### REQUIRED WORK:
Beneath this line are the data; copy exactly the part of them that opens with the line containing "CAMIÓN INTERNATIONAL 9200 2007 #485" and closes with the line containing "accessing QR code", and only that part.

### INPUT MATERIAL:
========================

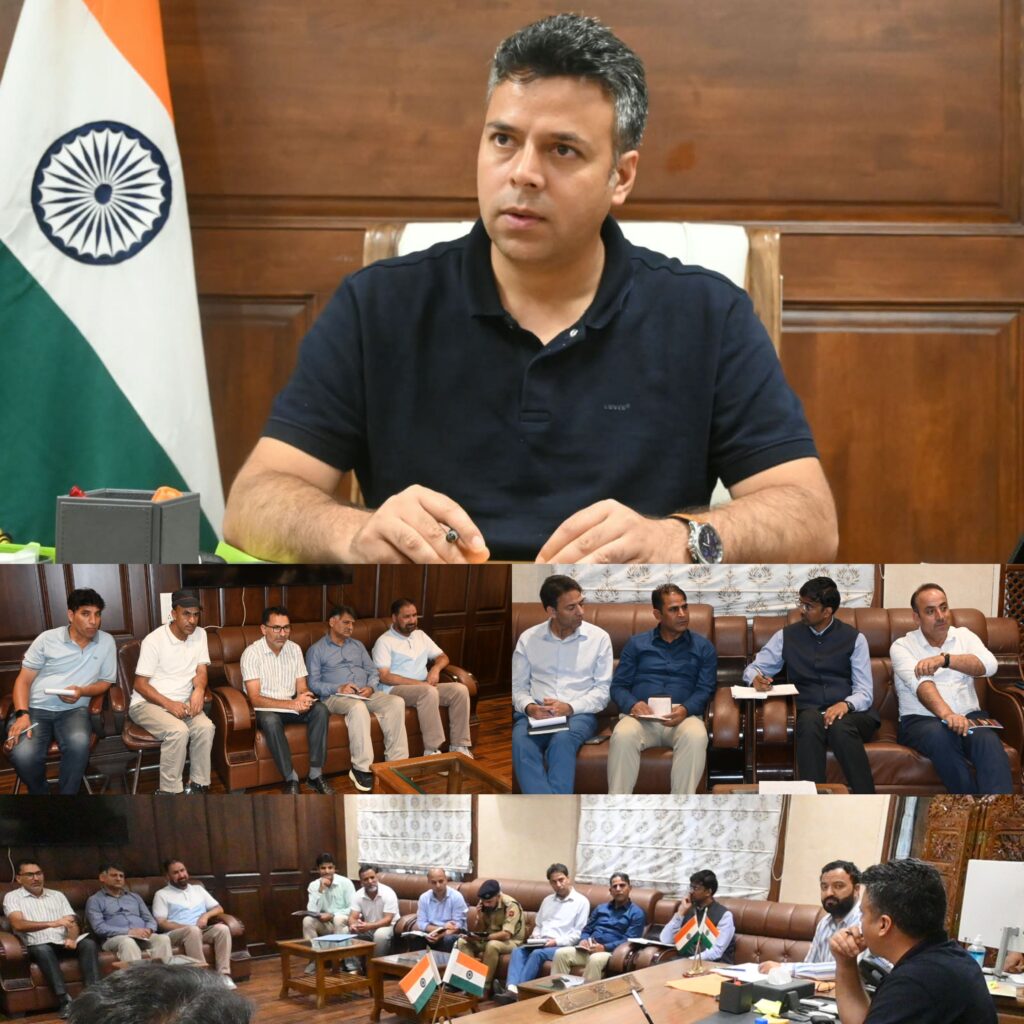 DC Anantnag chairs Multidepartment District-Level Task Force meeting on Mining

========================

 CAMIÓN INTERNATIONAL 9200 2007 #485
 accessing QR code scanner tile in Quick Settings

========================

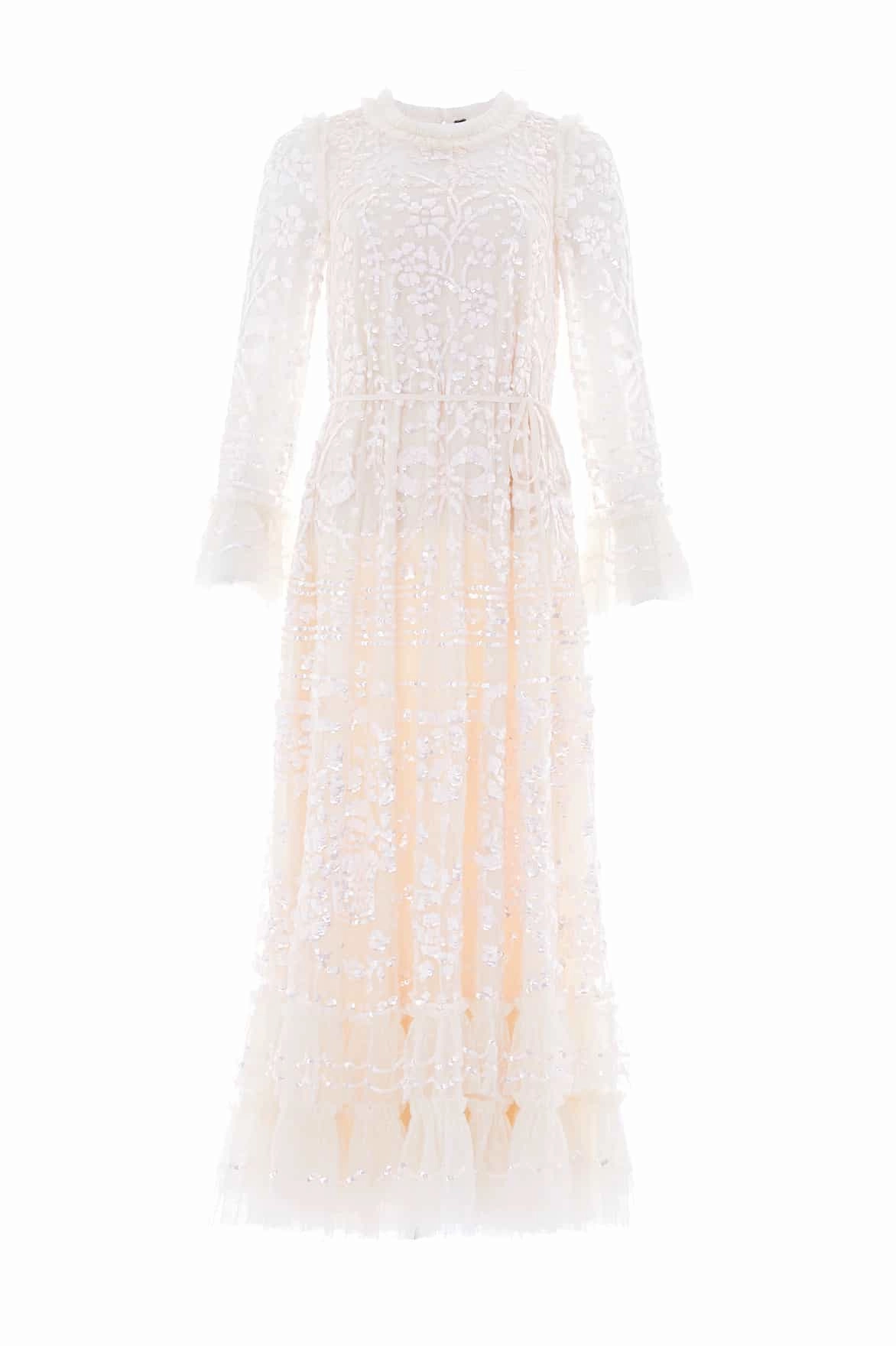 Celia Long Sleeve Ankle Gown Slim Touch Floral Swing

========================

### EXERCISE SOLUTION:
 CAMIÓN INTERNATIONAL 9200 2007 #485
 accessing QR code scanner tile in Quick Settings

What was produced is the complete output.